Israelis are those who were born in, or live in, Israel. They want to live in peace. Obviously they are not all Jews. Palestinians, who also could have been born in and now live in Israel, want to establish their own state of Palestine, but they want it to be free of Israeli occupation.
In any war, declared or undeclared, regardless of what side the “players” are on, they would want to know what they are fighting for.
Some people would fight to the death to protect their family from harm. (Freedom from harm.) Some would fight to the death to keep their country free. (Freedom from dictators and enslavement.) Others would fight to the death to gain and keep certain rights for themselves and all others in their country. (Freedom to live and work where one chooses, if possible; freedom to speak out; freedom to be part of the community at large without prejudice; freedom to choose one’s form of government or one’s officials; freedom to have a place called home.) Some people would fight to the death just to have a country in which to be free.
But if we were ever told we must jump into a war just because it was there, isn’t that kind of like saying that we must kill the person in front of us because he has a weapon? Or that it’s a victim’s own fault for being in the way if he gets killed?
There is no reason at this time for anyone in Hamas to believe that anything they do will soften Israel’s will so they’ll come around to a different way of thinking and let them create their Palestinian state. Certainly all this latest violence is hardly a good way to say, “Pretty please, may we have our Palestinian state now?”
As children we’re taught that you can catch more flies with honey than vinegar (although why that was a popular saying or teaching tool I don’t know, since I never wanted to catch any flies), yet somehow the lesson lingers, even though no one pays any attention to it. It seems that in today’s world the lesson might be to use rockets to represent the “flies,” and then use some kind of “rocket repellent” to keep those representative flies at bay. Neither side seems to know that “honey” even exists.
No one wants to give up what they want and settle for some lesser thing, yet that “lesser thing” could start to look very desirable when they see that it could mean no loved ones being killed, no homes or other property being senselessly destroyed, walking in the streets is once again a safe thing to do, and children will have a chance to live and grow in their own neighborhoods, in peace.
But “honey” has its price.

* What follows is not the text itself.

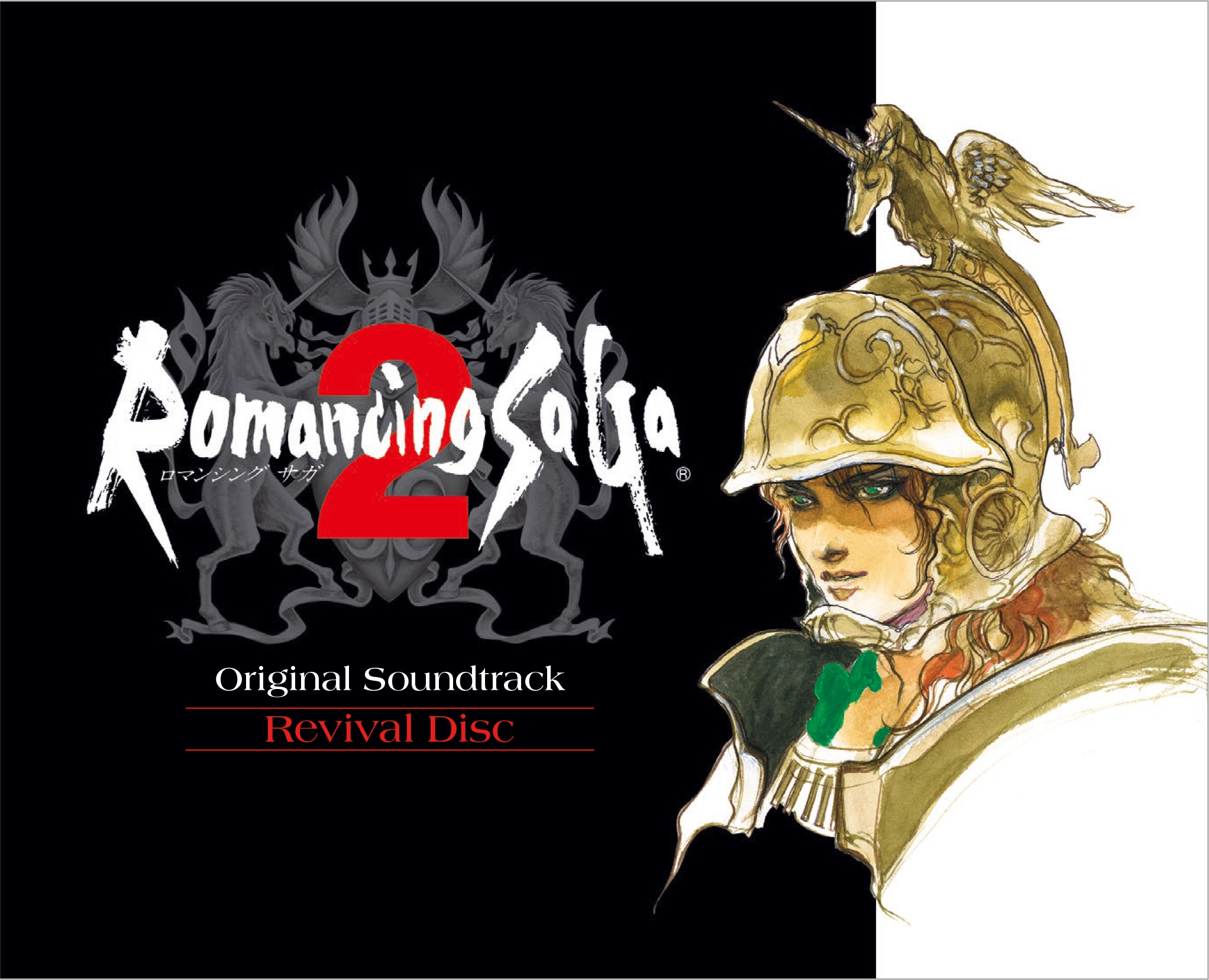 ロマサガ2 映像付きサントラ Original Soundtrack Revival Disc 発売決定 皇帝継承の歴史が 目と耳で楽しめる Game Watch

Negotiations have to have some nectar to work with, and that can only come from the compromises, the concessions, and the way they are processed to produce the honey. Are there adequate worker bees to keep things buzzing while the “queen bees” work out the best deal for the honey? As all good bees know, you can’t pass by the honey-deal of today in hopes that tomorrow’s or next month’s (or next year’s) honey deal will be better; for all we know, all the flowers will be gone by then.
Hamas is not the voice of nor the “other name” for Palestinians. Many Palestinians would be happy to have peace now, just as Jews and other Israelis would. Right now, all sides (Israelis, Palestinians and Hamas) see the others as the enemy, since they are not in accord.
But with good old Osama Hamdan speaking for Hamas, we can see why getting to the honey will be a very sticky proposition.